Heck…a lathe is a lathe, I bought mine when I was 14 yrs. old….it is now 69 yrs. old & I still use it . I think there is a picture in my projects of a spinning wheel made with this late. I use 5 step pulleys for speed changes instead of electronic baloney.

Lee


----------



## DustyCellist (Mar 19, 2014)

I agree, but some are more serviceable (and some are different sizes…)

If I keep the one I got, I have to at least build a stand for it, that will cost probably as much as the difference between the 5 speed midi and the 33" one with legs.

I guess these old lathes pop up all the time, but why wait to upgrade to that if I can get it for the same price (and it includes a faceplate and some other small bits).

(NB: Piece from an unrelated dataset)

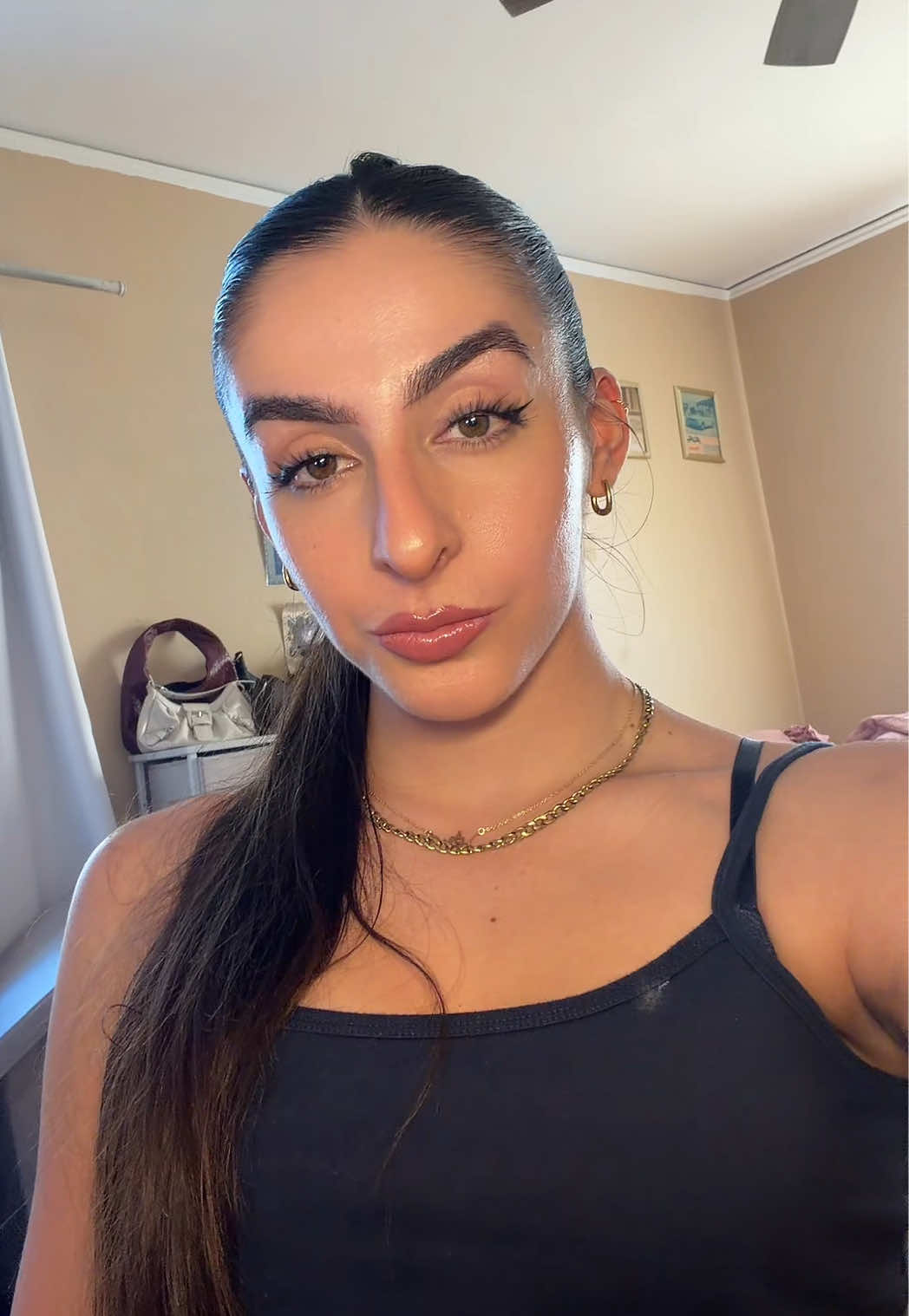 @Sofia Mahdavi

The real question is: would it really be an upgrade? Or should I keep the midi and make pens and chess pieces and bowls and small candlesticks?


----------



## Gshepherd (May 16, 2012)

The difference between a #1 Morse taper and a #2 is basically the length and the "section" of the taper. Think of a long, tapered rod that starts at a point and gets larger in diameter the farther down the rod you go. You could cut a section out of any place along that rod and have the same taper. Both the #1 and 2 have the same taper per inch, but the #1 starts a bit closer to the "pointy end" of our imaginary rod. Also #1 is about 2 1/8 long and the #2 will be 2 9/16 long…..

I would just get keep the HF 65345… A Midi lathe is handy to have around for the smaller projects…. If the Dunlap was in my neighborhood I would buy it just because I love the old equipment…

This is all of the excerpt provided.